Beachcombers across the world spend their free time searching for broken bits of glass polished smooth by waves and sand. On ocean beaches, collectors call the shiny shards sea glass. On inland shores, enthusiasts refer to the naturally polished fragments as beach glass. In the United States, beachcombers often congregate on the shores of Cape Cod or Lake Erie to discover the colorful gems often used in custom jewelry.
Walk in one direction along the wrack line--the line of debris left by the last high tide or storm. Examine closely places with many tiny stones. Walk the same line in the opposite direction. If you found one piece of glass, search the area again for pieces you might have missed.
Make another pass along the beach at the water's edge. Walk slowly, sweeping your eyes from your feet ahead about a couple yards and from side to side in an arc of a couple yards away from water. Examine pockets of small stones for glass. On rocky beaches, the pieces may be tucked in the lee of larger stones.

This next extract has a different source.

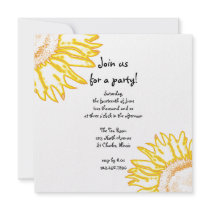 Yellow Neon Sunflower Party Invitation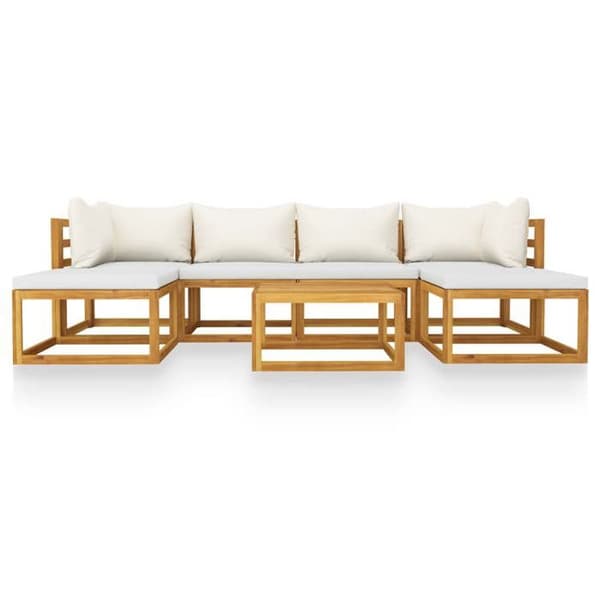 Maison Exclusive - Trädgårdsmöbler 7 delar med kuddar Creme Solid akaciaträ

Turn and retrace your steps about 10 to 12 feet away from the water, again sweeping your eyes from feet to ahead and side to side. Repeat these passes until you have covered the beach.
Watch for reflective surfaces. Bright sunlight usually helps by reflecting glint or gleams. Don't overlook bright days in winter if the beach isn't frozen.
Comb beaches near where creeks, streams or rivers enter. Many years ago trash dumps were common along these paths where bottles and other debris washed into the lake or ocean. Some of the finest glass gems have been polished by waves and sand for decades. Some of the rarest colors are from glass that hasn't been common for a long time. Red glass, for example, was used in automobile taillights before World War II until plastics replaced glass.